The city and its contractors are not immune from lawsuits brought by emergency workers sickened after toiling amid toxic dust at ground zero, a judge ruled, clearing the way for what he said should be the speedy resolution of thousands of claims.

In his decision Tuesday, U.S. District Judge Alvin K. Hellerstein said the city, its roughly 150 private contractors, and the Port Authority of New York and New Jersey were only partially immune from lawsuits, with the precise scope and extent of the immunity varying according to date, place and activity.

"If even a minority of the plaintiffs suffered serious injuries to their respiratory tracts arising from the acrid air of September 11, their claims deserve to be heard when a recovery could make a difference in their lives," the judge wrote, adding that the defendants are entitled to resolution at the earliest possible point.

A lawyer for the plaintiffs hailed the ruling as "an important decision, a first step forward in the legal system for these other victims of 9-11." Andrew J. Carboy, who represents 210 individuals, mostly firefighters, said the number of people making claims reaches as high as 8,000.

Michael A. Cardozo, the city's top lawyer, argued a close study of the facts surrounding the claims will show an absence of any legal liabilities by the city and its contractors.

Hellerstein did dismiss claims against the Consolidated Edison Co. and companies controlled by developer Larry Silverstein, saying they did not have legal control over the area and therefore weren't liable for damages.

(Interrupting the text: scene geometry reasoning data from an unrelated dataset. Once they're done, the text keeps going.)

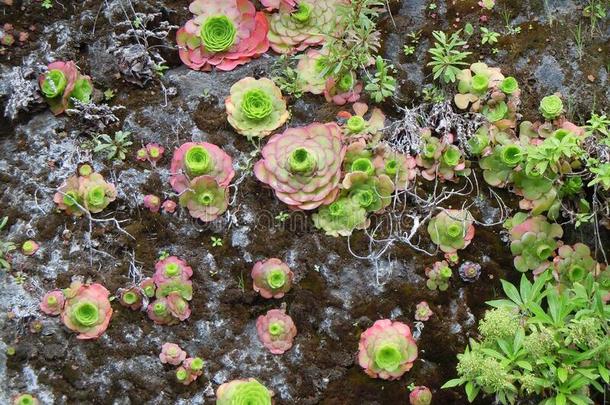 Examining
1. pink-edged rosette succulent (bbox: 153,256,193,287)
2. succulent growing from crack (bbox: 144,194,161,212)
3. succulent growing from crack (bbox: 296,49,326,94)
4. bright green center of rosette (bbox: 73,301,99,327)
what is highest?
succulent growing from crack (bbox: 296,49,326,94)

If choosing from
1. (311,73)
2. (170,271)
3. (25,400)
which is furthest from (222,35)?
(25,400)

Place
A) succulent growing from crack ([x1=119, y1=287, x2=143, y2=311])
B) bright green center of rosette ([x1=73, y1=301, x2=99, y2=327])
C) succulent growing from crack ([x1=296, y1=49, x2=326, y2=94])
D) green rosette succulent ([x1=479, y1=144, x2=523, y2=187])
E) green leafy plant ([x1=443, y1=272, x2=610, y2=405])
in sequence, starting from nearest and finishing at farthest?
green leafy plant ([x1=443, y1=272, x2=610, y2=405]), bright green center of rosette ([x1=73, y1=301, x2=99, y2=327]), succulent growing from crack ([x1=119, y1=287, x2=143, y2=311]), green rosette succulent ([x1=479, y1=144, x2=523, y2=187]), succulent growing from crack ([x1=296, y1=49, x2=326, y2=94])

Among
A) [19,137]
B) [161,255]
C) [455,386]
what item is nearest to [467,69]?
[455,386]

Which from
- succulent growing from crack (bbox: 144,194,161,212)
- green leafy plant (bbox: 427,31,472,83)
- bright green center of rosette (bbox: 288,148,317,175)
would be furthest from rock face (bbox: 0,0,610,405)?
bright green center of rosette (bbox: 288,148,317,175)

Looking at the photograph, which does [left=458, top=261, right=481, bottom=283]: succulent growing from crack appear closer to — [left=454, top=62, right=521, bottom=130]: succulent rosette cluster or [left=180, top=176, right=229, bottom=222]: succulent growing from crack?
[left=454, top=62, right=521, bottom=130]: succulent rosette cluster

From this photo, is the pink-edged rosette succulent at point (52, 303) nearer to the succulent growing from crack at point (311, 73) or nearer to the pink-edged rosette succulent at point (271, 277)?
the pink-edged rosette succulent at point (271, 277)

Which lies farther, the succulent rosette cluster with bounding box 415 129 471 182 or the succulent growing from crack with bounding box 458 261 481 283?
the succulent rosette cluster with bounding box 415 129 471 182

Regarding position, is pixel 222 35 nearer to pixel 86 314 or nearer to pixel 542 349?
pixel 86 314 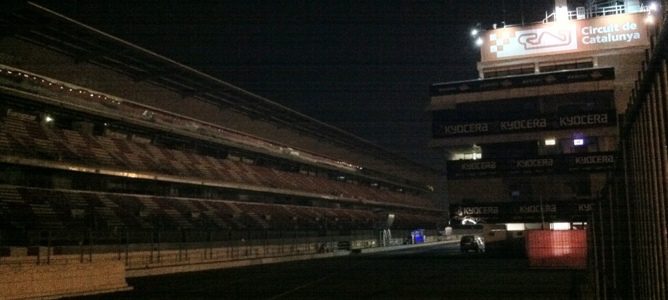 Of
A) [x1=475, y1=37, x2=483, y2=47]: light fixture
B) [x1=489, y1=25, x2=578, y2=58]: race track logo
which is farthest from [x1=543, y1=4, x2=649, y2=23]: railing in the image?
[x1=475, y1=37, x2=483, y2=47]: light fixture

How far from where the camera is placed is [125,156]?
41281 mm

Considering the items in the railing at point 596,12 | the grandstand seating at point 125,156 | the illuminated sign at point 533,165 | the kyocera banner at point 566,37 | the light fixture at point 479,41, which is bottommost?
the illuminated sign at point 533,165

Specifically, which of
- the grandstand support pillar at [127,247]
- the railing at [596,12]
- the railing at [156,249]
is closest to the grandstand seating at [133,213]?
the grandstand support pillar at [127,247]

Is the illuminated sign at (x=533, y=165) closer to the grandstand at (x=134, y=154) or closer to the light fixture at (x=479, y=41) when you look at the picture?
the grandstand at (x=134, y=154)

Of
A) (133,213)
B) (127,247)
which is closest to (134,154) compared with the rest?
(133,213)

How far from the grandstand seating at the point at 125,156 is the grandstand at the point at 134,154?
0.33 ft

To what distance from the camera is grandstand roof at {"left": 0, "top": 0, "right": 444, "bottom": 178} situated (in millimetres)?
34281

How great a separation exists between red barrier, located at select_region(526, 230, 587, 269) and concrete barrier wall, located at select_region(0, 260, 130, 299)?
57.4ft

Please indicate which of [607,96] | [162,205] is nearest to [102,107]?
[162,205]

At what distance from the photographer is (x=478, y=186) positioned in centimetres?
5191

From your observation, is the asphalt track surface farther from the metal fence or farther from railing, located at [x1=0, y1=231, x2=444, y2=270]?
the metal fence

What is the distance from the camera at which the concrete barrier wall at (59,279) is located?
18250mm

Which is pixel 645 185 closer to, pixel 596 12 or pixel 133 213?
pixel 133 213

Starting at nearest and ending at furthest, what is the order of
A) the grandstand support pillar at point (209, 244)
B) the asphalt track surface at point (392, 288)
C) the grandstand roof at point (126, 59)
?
the asphalt track surface at point (392, 288)
the grandstand roof at point (126, 59)
the grandstand support pillar at point (209, 244) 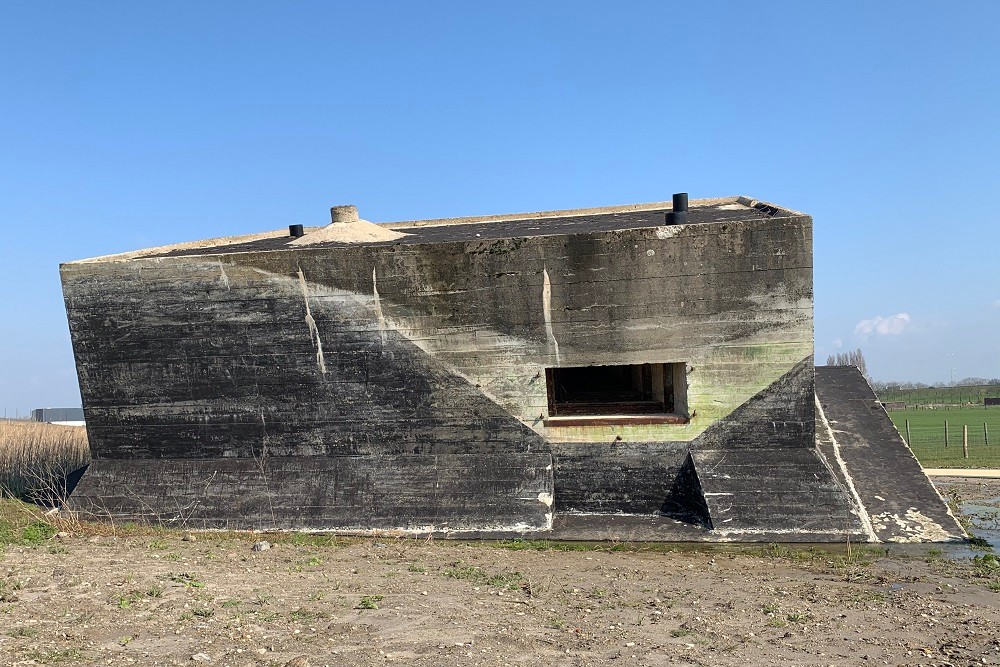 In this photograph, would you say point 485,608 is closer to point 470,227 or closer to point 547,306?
point 547,306

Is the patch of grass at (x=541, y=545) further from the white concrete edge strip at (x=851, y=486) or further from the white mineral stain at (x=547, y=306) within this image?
the white concrete edge strip at (x=851, y=486)

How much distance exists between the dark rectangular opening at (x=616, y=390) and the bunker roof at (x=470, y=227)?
89.2 inches

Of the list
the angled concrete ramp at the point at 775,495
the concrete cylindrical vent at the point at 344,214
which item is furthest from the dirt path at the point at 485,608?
the concrete cylindrical vent at the point at 344,214

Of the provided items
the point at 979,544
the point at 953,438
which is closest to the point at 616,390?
the point at 979,544

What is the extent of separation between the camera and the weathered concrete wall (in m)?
9.06

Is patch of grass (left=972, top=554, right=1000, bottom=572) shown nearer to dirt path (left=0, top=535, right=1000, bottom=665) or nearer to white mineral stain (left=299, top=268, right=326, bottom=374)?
dirt path (left=0, top=535, right=1000, bottom=665)

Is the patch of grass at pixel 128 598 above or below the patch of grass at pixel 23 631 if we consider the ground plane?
below

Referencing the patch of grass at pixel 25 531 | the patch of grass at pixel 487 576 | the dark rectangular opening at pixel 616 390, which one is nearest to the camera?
the patch of grass at pixel 487 576

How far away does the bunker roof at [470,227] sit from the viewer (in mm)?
11070

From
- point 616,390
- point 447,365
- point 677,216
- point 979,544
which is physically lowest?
point 979,544

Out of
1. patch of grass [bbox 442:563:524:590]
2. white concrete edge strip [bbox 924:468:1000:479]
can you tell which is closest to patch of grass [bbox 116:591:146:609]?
patch of grass [bbox 442:563:524:590]

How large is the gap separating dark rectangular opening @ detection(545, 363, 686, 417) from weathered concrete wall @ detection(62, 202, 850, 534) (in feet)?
2.21

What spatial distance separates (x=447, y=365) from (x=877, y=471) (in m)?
6.05

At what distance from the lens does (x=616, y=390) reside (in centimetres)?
1457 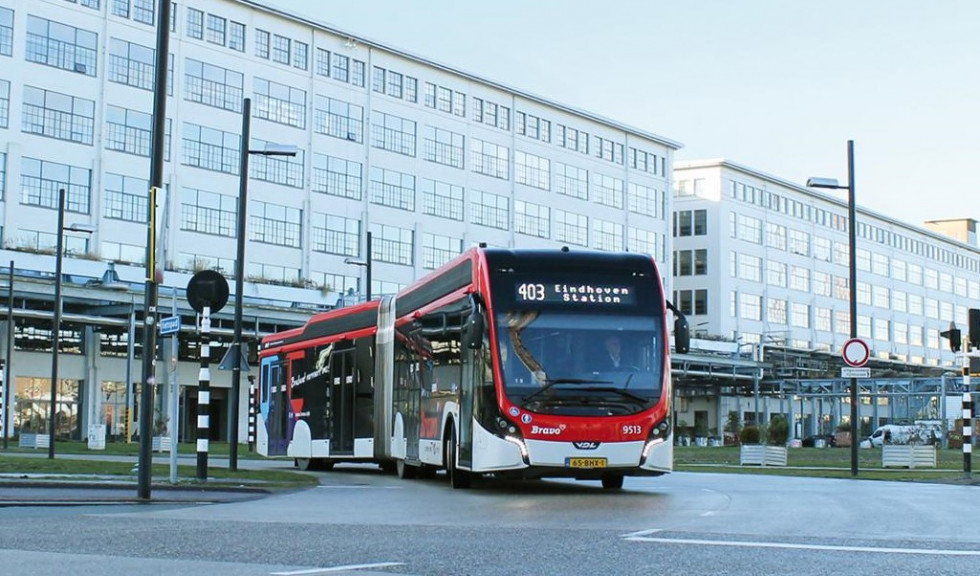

The judge, who called the situation a "scar to the public interest," said he will appoint a special master to help eliminate unjustified claims and to otherwise manage a case that is "likely to become unmanageable."

The city and its contractors are trying to avoid damages in lawsuits filed on behalf of workers who cleaned up the World Trade Center site for months after the Sept. 11, 2001 terrorist attacks.

The lawsuits claimed the city and its contractors were negligent in monitoring the air and assuring appropriate safety in the workplace, particularly adequate respiratory equipment.

The judge noted that a study released in September by doctors at the Mount Sinai Medical Center showed that approximately 70 percent of the 10,000 workers who were tested reported that they suffer from new or substantially increased respiratory problems since 9/11.

"The workers at the site were presented with a dangerous environment, below and surrounding their work activities, threatening their health and safety," the judge said.